De même que la pensée grecque est prise au-dessus et au-delà du groupe humain ; elle exige de vous que vous dépassiez, décentriez votre intentionnalité ; c’est cela qui permet de vos intentionnalisations et vos intentions, morales, politiques, éthiques, esthétiques, vos affects même, s’élèvent au niveau du réel. Ce que le christique réclame comme outrepassement de votre … vécu, et on mesure alors la différence d’ampleur, et sa difficulté ; il ne s’agit plus de seulement penser un objet ‘serait-il extirpé de tel monde humain défini et offert à la perception universelle) mais de vous modifier, vous. Non de ce que vous êtes (on ne peut pas changer cela que l’on Est) mais de ce que vous voulez au sens qui deviendra de plus en plus précis, de ce que vous intentionnalisez ; plongeant et remontant tout au long non  de votre être dans le monde (les sciences s’en chargeront par ex , mais aussi le droit ou les récits, etc) mais tout au long de ce qui est possible et est la Possibilité même ; que l’on nomme fils de dieu si l’on veut ou sujet (cartésien, kantien, sartrien).

Or la philosophie c’est à cette ambition là qu’elle s’est convertie depuis au moins Descartes (et en vérité depuis le début c’est notre être, notre être/dans l’être, des grecs) ; penser non pas seulement notre être/dans l’être (réductibles à des essences, des substances pensées, rassemblant les intentionnalités-idées) mais penser, donner une description de notre être devenu structurel, d’abord dans le donné du monde, puis structure de conscience articulée à la structure du réel (ce que Kant nomme le nouménal, qui n’est effectivement pas une détermination, donnée dans la perception, mais une supposition transcendantale du réel comme forme). Depuis Descartes donc est annulée et dépassée la pensée métaphysique (que paradoxalement réintroduit les idéologies scientistes ou idéologiques ou théoriques sans intégrer la réflexivité de structure, la pensée de et pour la structure même). Qui parait, cette pensée du sujet, aléatoire, alors que c’est justement ce qui fut réellement décrit depuis plusieurs siècles et avec succès…
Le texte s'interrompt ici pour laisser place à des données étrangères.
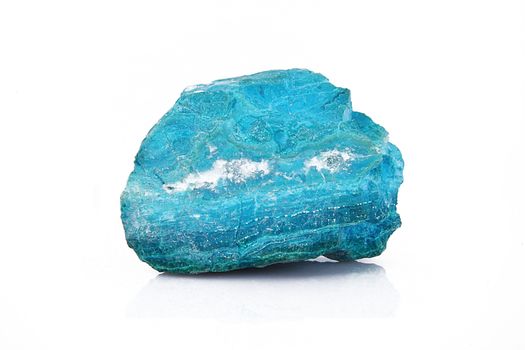chrysocolla crystals on white background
Cet aveuglement qui rendrait inaccessible le sujet, prenant base de Kant par ex (alors qu’il dit explicitement qu’il va recréer la philosophie sur une supposition ontologique tout à fait autre, supposer le sujet et la structure même du réel, en plus des réalités, qui ne forment même plus « monde, moi, ou dieu », dieu étant d’une autre nature que le donné là, réclamant des sujets et non des choses, seraient-elles pensées), cet aveuglement n’a nullement empêché d’avancer et bien considérablement ; jusqu’à Sartre et Lacan qui décortiquent la structure même telle qu’agissant et engendrant une profusion d’effets ; dans et par les corps, individuels, eux-mêmes. On atteint là au plus près de la vie, du vécu, du fondamentalement concret, à savoir que l’arc de conscience est de ce corps-même, dans un prodigieux mystère et une incroyable articulation et feuilletage, noué de l’intention, des intentionnalités de chacun, valant absolument, cad formellement, dans l’existence de cet Exister monumental. Qu’est-ce que ce corps devenu qui supporte l’invraisemblable tour de conscience sur le réel ?

Corps on sait qu’il est initialement l’origine historique du corps du christ. Ça n’est en aucun cas un hasard.